Man, couples therapy saved our butts big time. I’ll walk you through exactly what we did because just reading books ain’t the same as sweating it out in that tiny office.

How We Hit Rock Bottom
Started when my wife smashed a plate during dinner fight. Not gonna lie – we’d been screaming about dirty dishes for months. Felt like roommates who hated each other. Slept back-to-back every night, stopped touching completely. Scary moment realizing we couldn’t fix this crap ourselves.
The Awkward First Session
Walked into therapist’s office like hostages. Our counselor Sarah made us do this stupid exercise: hold hands while complaining about each other. I hissed “You never listen!” through gritted teeth while squeezing Jen’s sweaty palm. Felt ridiculous but guess what? Actually made us crack up laughing midway through.
Sarah gave us homework that worked:
- The 6-Second Kiss Rule: Had to kiss before leaving for work – no quick pecks! Counted six full seconds like teenagers.
- Fight Charters: Wrote actual rules like “No toilet paper accusations after 9PM”. Put it on the damn fridge.
- Grievance Timeouts: When voices got loud, one had to yell “BANANA!” and we’d shut up for 10 minutes. Saved our sanity.
The Ugly Truth We Learned
After three months of weekly sessions, figured out our core problem: We weren’t fighting about chores or money. Jen felt invisible when I worked late, I felt attacked when she criticized. Therapy dug that poison out. Hardest part? Admitting we both contributed to the mess.
What Actually Fixed Things
Here’s the real-deal stuff that worked:

1. Scheduled Bitch Sessions: Every Tuesday at 7PM we go nuclear for 15 minutes max. Gets frustrations out without it leaking into date nights.

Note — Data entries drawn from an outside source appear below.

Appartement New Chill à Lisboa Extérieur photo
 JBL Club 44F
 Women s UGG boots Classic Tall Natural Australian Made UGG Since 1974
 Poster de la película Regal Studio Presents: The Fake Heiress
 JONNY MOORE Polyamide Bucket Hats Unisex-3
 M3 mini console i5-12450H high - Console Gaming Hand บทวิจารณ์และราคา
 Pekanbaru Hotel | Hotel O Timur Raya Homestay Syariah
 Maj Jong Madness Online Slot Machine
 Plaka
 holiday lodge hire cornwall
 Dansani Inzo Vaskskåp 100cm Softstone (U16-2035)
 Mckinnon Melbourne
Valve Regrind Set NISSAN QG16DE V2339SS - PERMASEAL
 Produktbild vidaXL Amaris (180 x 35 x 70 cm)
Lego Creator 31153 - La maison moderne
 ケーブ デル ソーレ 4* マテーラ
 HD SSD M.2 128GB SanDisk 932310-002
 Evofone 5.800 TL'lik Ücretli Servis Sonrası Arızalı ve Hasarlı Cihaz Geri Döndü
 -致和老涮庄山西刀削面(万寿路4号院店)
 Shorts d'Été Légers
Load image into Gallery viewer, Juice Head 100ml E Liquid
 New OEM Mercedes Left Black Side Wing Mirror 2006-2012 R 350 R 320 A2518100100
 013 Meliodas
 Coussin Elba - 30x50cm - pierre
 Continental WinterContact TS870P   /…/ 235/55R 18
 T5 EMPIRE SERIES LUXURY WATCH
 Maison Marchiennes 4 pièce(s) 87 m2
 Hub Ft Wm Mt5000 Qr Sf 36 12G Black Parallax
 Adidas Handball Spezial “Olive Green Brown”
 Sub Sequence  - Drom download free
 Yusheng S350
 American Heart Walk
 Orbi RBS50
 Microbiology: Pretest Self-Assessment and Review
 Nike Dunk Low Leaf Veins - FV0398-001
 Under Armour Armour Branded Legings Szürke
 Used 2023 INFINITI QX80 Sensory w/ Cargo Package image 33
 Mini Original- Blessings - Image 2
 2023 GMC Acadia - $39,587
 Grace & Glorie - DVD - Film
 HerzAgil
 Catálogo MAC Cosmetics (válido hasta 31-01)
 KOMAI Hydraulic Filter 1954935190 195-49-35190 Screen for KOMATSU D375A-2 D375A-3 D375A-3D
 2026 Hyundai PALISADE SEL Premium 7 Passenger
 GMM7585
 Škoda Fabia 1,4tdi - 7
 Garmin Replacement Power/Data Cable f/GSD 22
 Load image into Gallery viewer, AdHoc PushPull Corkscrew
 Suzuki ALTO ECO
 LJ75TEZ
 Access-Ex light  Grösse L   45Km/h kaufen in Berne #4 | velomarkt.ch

2. The Appreciation Jar: Corny but game-changing. Every night drop a note about one thing we didn’t hate about each other that day. Read them when we wanna strangle each other.
3. Relearning Touch: Seriously started with high-fives after work. Built up to holding hands at movies. Took four months before real intimacy came back.
Two years later, still use timeouts when fights get hairy. That plate-smashing incident? We joke about it now. Therapy ain’t magic – felt like emotional dentistry without anesthesia sometimes. But learning to fight fair kept us together when divorce papers were nearly on the table.